### Problem statement
Give the listing again in full and exactly, apart from its pictures.

### Exercise data
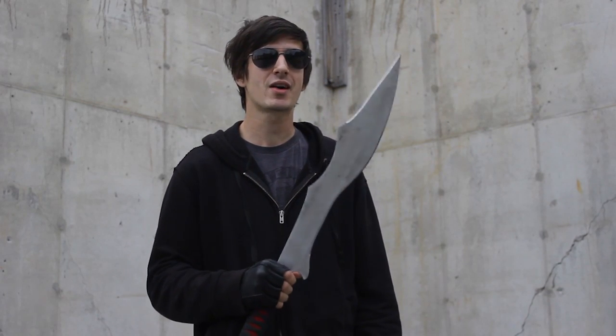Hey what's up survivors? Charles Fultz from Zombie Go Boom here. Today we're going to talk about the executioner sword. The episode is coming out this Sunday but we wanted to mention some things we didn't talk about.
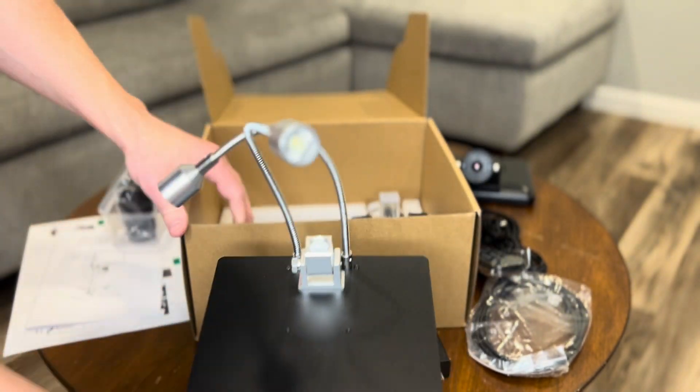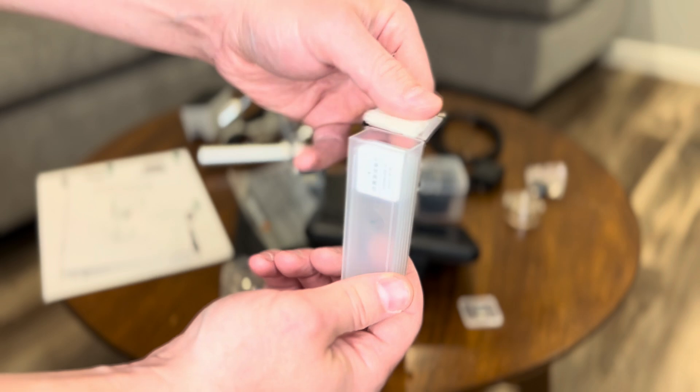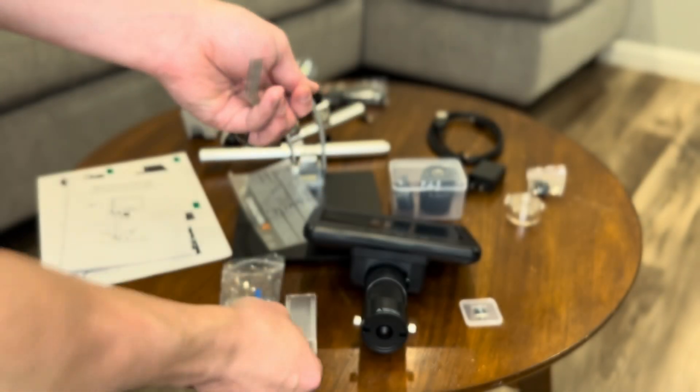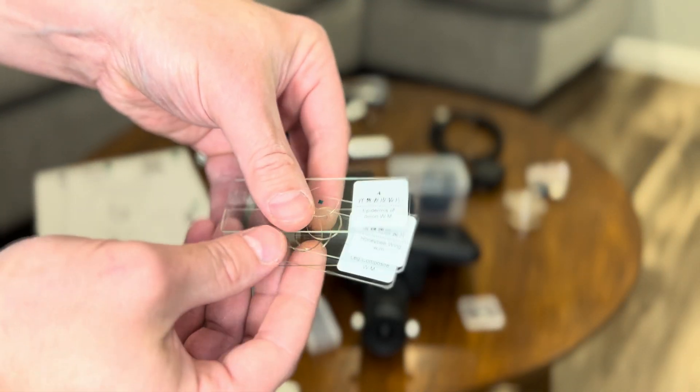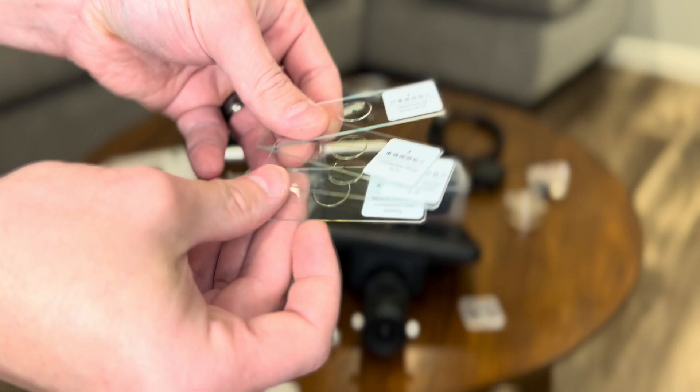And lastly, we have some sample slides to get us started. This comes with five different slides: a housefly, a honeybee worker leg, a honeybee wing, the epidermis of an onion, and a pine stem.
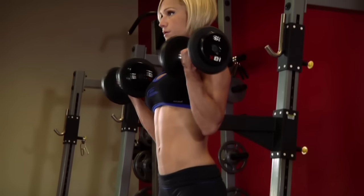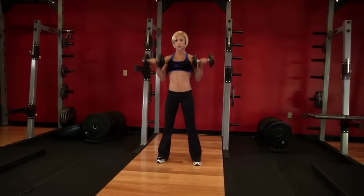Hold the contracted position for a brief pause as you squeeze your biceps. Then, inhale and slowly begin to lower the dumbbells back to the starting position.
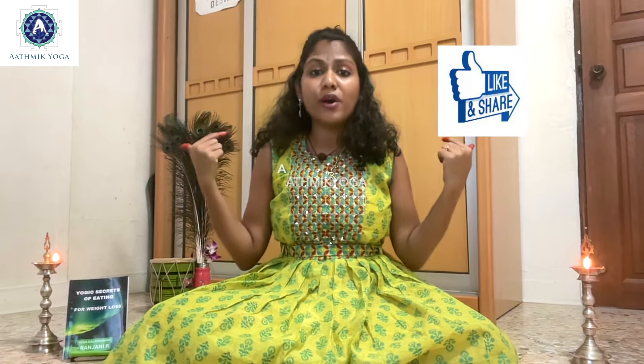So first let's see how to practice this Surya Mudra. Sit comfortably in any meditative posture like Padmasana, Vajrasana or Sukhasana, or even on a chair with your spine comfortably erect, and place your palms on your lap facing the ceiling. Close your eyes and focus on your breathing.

### Answer space
Hey what's up survivors? Charles Fultz from Zombie Go Boom here. Today we're going to talk about the executioner sword. The episode is coming out this Sunday but we wanted to mention some things we didn't talk about.
And lastly, we have some sample slides to get us started. This comes with five different slides: a housefly, a honeybee worker leg, a honeybee wing, the epidermis of an onion, and a pine stem.
Hold the contracted position for a brief pause as you squeeze your biceps. Then, inhale and slowly begin to lower the dumbbells back to the starting position.
So first let's see how to practice this Surya Mudra. Sit comfortably in any meditative posture like Padmasana, Vajrasana or Sukhasana, or even on a chair with your spine comfortably erect, and place your palms on your lap facing the ceiling. Close your eyes and focus on your breathing.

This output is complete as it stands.